Biblyon Broadsheet Review: Prehistoric life: The Definitive Visual History of Life on Earth

Reviewed by Jerry Stratton, April 9, 2015

Dunkleosteus was a heavily armored fish, but its armor did not enclose its pectoral fins at the rear. This development allowed the fin base to increase in length and aided mobility, suggesting that Dunkleosteus was an active hunter in the shallow seas in which it lived.

This lavishly illustrated book is a great resource for Guides wanting to go prehistoric on their players.

RecommendationPurchase
Year2009
Length512 pages
Book Rating6
Opabinia

The opabinia, an invertebrate from the Cambrian, looks impressive here but was only a few inches long. No reason to tell your players that, however.

I remember devouring the dinosaur books in the local library while waiting for my parents to pick me up after school. When I got into D&D they formed a third of the triumvirate of go-to monsters in my adventures: skeletons, spiders, and dinosaurs.

I think one of the reasons I loved Larry DiTillio’s Chagmat from Dragon 63 is the unwritten assumption that the bonesnapper came from some underground lost world beneath the mountains (which, in my reskin, became an underground world ruled by intelligent spiders).
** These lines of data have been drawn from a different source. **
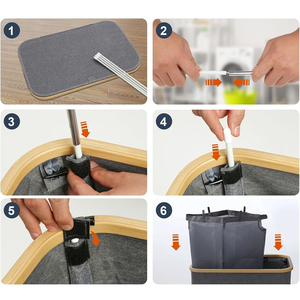 Grande 2 sezione contenitore di riciclaggio <span class=keywords><strong>per</strong></span> la cucina con 2 borse interne e coperchio <span class=keywords><strong>per</strong></span> la raccolta di bottiglie possono <span class=keywords><strong>vetro</strong></span> plastica metallo Wast - Product Image 4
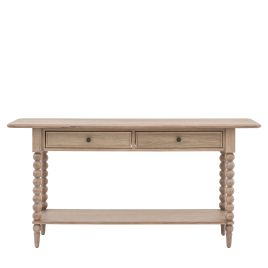 STONELEIGH 2 Drawer Console Table - Light Oak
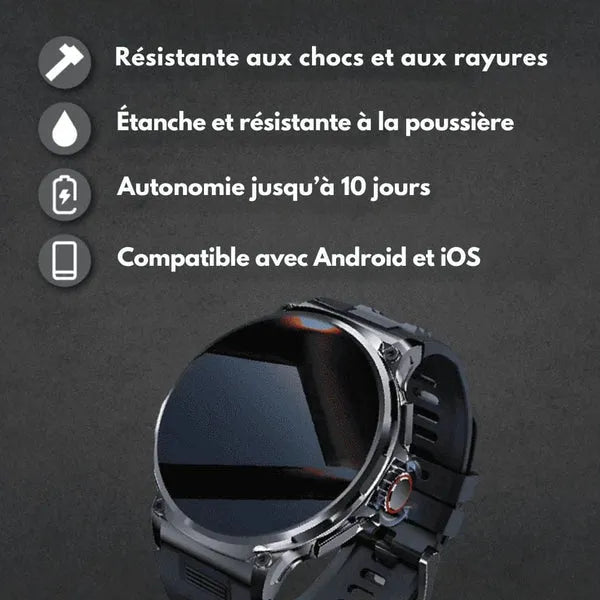 Montre Résistante Homme – Ultra robuste et connectée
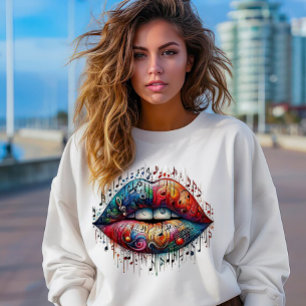 Musical lips sweatshirt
So I’ve been on the lookout for a good dinosaur compendium for a while, no longer having access to the books in that long-ago childhood hangout.

I found Prehistoric life at the Barnes & Noble for DePaul University while wandering Chicago a few weeks ago. At $12.98 it was a no-brainer to pick it up. It’s huge, and lavishly illustrated. And while I have no idea if the strange illustrations match prehistoric reality, they’re perfect for mysterious and dangerous fantasy monsters.

The book is organized by time period, with a short description of the era’s climate, and a drawing of the shape of the continents. Both plants and animals are covered: within each era, the sections are plants, invertebrates, and vertebrates. Some lovely 10–20 meter tall ferns from the Carboniferous are described, for example.

Some of the names ought to inspire some unrelated fantasy creatures, for example, the “Serpent Rock” formed by the Carboniferous coral Siphonophyllia. That’s just the name of one of the fossils, but I can feel my subconscious already trying to churn out a monster called a serpent rock.

Corythosaurus

The corythosaurus, a vertebrate from the Cretaceous, were thirty feet long, and may have been notable for their “loud, resonating calls”.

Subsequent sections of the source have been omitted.